How to spend a budget-friendly weekend in Copenhagen

Updated on 25 July 2022 | 0 Comments

Voted Europe’s fifth-most expensive city (London is second), a visit to Copenhagen isn’t cheap, but plan carefully and you can enjoy a long weekend here without emptying your bank account. Here is our price-conscious weekend guide to the city.

There’s so much to be impressed by in Denmark’s cool, calm and compact capital: from the city’s forward-thinking approach to sustainability (and just about everything else) to a creative food scene that celebrates local produce and extends from its many Michelin-starred restaurants to its hip street food stalls. Throw in buzzy neighbourhoods, brilliant museums and Instagram-ready streets dotted with rose-draped apartments and cafés frequented by stylish locals, and you have a Scandi-cool city break of dreams. 

Spring and summer are great times to visit Copenhagen, when the long days create an effervescent party vibe and the city’s locals linger outside for as long as possible, picnicking on electric boats, sunbathing by the canals or taking a refreshing dip in the sparkly-clean harbour. Even when it’s busy, this capital city feels wonderfully relaxed – we defy you not to love it here. 

Here is our purse-friendly guide to this magnetic city. 


Invest in a Copenhagen Card: As soon as you touch down at the airport, grab this card from the information desk at Terminal 3. A 48-hour card costs €88 (£75), which might sound steep but it’s definitely worth the money, granting you free entrance to 89 museums and attractions in Copenhagen and its surroundings, as well as free public transport (by bus, train, metro and harbour bus), valid anywhere in the Capital Region of Denmark zone (which stretches far outside the city). You can also buy a digital version of the card online. 

Check into: a&o hostel, Nørrebro (from €63/£53 per night for a private room or €33/£28 per night for a six-bed shared dormitory, based on travel in August). Why splurge your hard-earned cash on a swish hotel when you can spend it on eating, drinking and cultural enrichment instead?

Located in the hip, young neighbourhood of Nørrebro, this clean, comfortable and friendly hostel has relaxed communal lounge areas as well as private twin rooms and dorms. All rooms have toilets and showers with free body wash and shampoo, plus hair dryers, clean towels and fresh linen. Reception is manned 24 hours a day and you can also buy snacks and hire bikes from here and have the option to pay for extras, including breakfast or a packed lunch. We’re sold. 

a&o hostel Copenhagen lobby (Image courtesy of a&o hostel)Image courtesey of a&o hostel Copenhagen

Take a free walking tour: Wander energetic, multicultural Nørrebro, phone in hand with a digital self-guided walking tour of the neighbourhood. You’ll stop at the district’s main sights, including oh-so-cool urban/skate park Superkilen, whose neon signs, swing seats, tile fountain and other objects all hail from abroad, celebrating diversity; and Assistens Cemetery, the final resting place of celebrated fairytale author Hans Christian Andersen. In summer this beautiful, park-like cemetery is frequented by locals picnicking or reading in the sunshine, and has a respectful yet cheerful atmosphere that feels unique for a graveyard.

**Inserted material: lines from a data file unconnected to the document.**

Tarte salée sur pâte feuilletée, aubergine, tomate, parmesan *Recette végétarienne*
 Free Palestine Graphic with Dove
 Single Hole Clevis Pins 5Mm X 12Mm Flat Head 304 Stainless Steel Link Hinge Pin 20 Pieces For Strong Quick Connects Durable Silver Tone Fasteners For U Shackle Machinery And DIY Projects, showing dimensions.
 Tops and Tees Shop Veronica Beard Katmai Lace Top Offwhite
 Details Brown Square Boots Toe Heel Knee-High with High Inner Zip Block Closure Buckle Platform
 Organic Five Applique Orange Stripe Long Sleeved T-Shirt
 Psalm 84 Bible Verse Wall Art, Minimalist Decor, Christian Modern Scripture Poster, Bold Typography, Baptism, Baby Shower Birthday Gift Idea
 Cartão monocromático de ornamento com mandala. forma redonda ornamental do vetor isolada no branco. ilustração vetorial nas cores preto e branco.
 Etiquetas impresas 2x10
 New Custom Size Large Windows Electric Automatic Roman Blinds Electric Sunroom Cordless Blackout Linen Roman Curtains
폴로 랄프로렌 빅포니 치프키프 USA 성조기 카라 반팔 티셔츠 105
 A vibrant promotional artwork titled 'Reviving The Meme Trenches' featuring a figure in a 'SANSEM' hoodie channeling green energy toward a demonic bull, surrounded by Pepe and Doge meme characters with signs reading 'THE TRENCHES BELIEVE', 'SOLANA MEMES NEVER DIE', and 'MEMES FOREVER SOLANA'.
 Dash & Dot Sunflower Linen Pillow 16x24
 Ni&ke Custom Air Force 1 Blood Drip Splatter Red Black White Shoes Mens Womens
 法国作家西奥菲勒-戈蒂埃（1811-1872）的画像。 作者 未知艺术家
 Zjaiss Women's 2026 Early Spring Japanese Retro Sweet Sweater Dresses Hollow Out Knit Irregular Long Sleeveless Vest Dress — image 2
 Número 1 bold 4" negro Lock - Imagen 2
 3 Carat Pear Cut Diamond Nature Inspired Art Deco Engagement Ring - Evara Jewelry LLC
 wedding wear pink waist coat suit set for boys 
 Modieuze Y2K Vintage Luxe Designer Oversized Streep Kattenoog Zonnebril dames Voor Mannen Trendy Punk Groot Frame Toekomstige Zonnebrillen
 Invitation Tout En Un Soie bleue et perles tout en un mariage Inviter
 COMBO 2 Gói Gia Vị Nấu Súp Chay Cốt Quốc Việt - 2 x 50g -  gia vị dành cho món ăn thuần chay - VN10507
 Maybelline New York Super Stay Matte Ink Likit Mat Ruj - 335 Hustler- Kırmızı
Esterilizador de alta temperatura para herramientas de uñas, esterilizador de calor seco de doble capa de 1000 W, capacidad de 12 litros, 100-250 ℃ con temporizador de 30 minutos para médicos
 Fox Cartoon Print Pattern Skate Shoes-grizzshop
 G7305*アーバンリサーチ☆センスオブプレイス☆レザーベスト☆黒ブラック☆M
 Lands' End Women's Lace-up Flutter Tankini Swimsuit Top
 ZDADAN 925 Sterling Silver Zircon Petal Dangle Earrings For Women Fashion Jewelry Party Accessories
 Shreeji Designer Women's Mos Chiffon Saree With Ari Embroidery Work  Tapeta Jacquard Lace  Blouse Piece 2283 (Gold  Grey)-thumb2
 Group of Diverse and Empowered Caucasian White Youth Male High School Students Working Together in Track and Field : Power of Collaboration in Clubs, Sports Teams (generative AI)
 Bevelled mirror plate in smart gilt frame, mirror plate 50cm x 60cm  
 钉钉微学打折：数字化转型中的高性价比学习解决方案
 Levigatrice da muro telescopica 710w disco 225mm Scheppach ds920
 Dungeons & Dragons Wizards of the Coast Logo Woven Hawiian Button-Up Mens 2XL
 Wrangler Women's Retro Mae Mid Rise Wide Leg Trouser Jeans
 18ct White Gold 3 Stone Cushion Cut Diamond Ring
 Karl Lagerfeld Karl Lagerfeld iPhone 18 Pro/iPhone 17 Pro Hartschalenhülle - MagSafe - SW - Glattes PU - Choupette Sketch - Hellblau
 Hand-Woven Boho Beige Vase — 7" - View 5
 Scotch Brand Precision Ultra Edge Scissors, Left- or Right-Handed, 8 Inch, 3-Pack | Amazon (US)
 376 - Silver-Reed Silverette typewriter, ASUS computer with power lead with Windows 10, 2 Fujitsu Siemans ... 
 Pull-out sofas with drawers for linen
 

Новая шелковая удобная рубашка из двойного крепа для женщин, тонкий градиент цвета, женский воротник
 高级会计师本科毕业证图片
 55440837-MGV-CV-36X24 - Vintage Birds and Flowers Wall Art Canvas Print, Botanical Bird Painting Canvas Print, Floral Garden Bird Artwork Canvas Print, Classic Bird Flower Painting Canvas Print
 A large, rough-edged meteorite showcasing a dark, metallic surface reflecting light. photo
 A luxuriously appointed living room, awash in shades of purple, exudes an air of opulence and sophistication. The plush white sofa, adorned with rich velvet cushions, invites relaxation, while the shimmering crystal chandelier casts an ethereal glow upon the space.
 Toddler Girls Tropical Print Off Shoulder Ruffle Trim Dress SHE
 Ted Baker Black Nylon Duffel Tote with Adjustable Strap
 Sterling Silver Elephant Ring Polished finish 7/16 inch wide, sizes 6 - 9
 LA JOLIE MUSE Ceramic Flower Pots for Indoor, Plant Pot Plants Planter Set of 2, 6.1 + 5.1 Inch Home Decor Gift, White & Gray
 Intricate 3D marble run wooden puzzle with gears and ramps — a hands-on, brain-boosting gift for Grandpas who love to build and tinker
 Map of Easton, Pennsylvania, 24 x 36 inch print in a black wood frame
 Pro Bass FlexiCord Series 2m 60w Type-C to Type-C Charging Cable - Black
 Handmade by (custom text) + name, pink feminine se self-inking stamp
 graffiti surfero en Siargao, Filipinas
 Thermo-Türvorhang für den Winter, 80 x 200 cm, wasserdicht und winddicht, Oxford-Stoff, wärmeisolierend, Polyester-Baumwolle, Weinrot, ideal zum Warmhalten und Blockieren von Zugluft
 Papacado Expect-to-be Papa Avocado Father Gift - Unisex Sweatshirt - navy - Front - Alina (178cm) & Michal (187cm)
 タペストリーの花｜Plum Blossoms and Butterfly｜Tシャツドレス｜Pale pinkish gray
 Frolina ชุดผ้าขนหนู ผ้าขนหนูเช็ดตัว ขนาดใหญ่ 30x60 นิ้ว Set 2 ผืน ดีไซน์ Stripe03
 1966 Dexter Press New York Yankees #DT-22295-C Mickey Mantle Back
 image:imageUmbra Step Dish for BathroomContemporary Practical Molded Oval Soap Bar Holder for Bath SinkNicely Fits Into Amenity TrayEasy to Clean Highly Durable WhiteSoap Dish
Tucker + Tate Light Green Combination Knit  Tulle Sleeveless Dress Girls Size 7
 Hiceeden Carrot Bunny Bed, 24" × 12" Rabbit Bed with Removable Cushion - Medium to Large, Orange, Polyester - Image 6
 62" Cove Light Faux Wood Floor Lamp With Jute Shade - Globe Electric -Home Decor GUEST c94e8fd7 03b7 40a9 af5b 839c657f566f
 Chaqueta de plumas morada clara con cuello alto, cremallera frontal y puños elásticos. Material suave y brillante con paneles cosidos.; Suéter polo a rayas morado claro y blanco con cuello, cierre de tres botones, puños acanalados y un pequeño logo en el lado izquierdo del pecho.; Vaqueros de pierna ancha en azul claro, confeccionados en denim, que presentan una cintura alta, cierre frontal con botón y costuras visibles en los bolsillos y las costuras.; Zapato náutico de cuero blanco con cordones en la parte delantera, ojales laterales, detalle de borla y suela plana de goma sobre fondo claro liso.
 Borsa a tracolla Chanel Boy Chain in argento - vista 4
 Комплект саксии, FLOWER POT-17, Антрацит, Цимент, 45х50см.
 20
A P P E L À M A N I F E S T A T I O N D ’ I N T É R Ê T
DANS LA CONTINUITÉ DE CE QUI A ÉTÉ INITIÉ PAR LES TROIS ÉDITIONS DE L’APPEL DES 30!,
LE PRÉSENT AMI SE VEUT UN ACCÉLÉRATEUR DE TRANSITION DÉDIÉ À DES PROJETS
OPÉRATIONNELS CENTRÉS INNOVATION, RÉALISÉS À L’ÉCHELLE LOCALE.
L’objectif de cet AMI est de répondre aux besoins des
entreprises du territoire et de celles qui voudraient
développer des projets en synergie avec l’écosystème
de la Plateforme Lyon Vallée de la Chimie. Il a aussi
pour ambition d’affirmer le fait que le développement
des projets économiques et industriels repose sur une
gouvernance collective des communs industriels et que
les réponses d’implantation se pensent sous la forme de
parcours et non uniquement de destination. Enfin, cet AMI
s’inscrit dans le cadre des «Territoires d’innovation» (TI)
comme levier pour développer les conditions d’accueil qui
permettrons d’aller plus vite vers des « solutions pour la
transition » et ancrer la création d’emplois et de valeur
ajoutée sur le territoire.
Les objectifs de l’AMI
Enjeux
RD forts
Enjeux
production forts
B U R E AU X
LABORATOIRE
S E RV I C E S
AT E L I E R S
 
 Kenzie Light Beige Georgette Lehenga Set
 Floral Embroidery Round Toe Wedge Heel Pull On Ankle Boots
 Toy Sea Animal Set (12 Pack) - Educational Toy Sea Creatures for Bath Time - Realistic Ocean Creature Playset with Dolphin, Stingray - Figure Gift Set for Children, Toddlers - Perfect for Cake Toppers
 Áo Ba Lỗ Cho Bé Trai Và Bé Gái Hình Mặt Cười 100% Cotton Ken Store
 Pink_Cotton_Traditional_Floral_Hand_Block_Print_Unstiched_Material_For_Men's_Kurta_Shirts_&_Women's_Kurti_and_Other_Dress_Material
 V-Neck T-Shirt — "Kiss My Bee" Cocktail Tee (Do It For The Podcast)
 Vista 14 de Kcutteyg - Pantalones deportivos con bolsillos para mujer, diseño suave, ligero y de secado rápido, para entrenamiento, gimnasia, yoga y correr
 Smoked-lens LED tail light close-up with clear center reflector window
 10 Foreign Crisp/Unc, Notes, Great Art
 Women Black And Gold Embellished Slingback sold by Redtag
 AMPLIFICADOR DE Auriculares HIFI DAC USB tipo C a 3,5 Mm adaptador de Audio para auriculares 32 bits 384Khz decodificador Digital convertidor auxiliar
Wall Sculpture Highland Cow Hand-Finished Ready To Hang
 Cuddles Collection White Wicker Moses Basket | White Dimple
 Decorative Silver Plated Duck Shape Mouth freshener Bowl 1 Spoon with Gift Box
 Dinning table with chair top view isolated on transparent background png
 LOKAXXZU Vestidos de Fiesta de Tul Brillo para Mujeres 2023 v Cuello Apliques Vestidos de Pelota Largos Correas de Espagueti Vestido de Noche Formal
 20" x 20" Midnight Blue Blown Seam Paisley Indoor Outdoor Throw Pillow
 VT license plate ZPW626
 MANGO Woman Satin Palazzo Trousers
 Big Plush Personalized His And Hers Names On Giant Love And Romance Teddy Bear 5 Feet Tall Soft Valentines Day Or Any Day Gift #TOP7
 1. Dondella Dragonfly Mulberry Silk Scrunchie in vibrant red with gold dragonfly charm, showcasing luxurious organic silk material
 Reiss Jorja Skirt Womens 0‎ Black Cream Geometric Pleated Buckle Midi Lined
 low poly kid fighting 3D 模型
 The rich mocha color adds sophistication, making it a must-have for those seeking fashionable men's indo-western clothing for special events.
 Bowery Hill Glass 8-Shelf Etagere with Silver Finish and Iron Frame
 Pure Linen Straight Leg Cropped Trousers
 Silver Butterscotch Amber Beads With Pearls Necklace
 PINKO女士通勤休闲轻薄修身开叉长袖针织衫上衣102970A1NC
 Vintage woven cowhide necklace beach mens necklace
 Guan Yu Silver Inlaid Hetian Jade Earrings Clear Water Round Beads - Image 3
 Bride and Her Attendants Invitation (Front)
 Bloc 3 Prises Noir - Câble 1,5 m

Superkilen park, Norrebro (Image: Giuseppe Liverino)Image: Giuseppe Liverino

On the walking tour, you’ll learn about Nørrebro’s working-class roots and how the area has always attracted politically minded inhabitants. You’ll also meander down cool streets such as Blågårdsgade, which is lined with wine bars and restaurants and leads to Blågårds square, which is a cool hangout spot for people of all ages. Equally hip is pristine Jægersborggade, where small art galleries, organic delis, vintage boutiques and independent bakeries provide plenty of eye candy. 

The walking tour takes two-to-three hours. Download the Story Hunt app (on App Store or Google Play) to your phone and search for the Nørrebro tour or scan a QR code to start the tour. Don’t forget to pack your headphones for the audio guide.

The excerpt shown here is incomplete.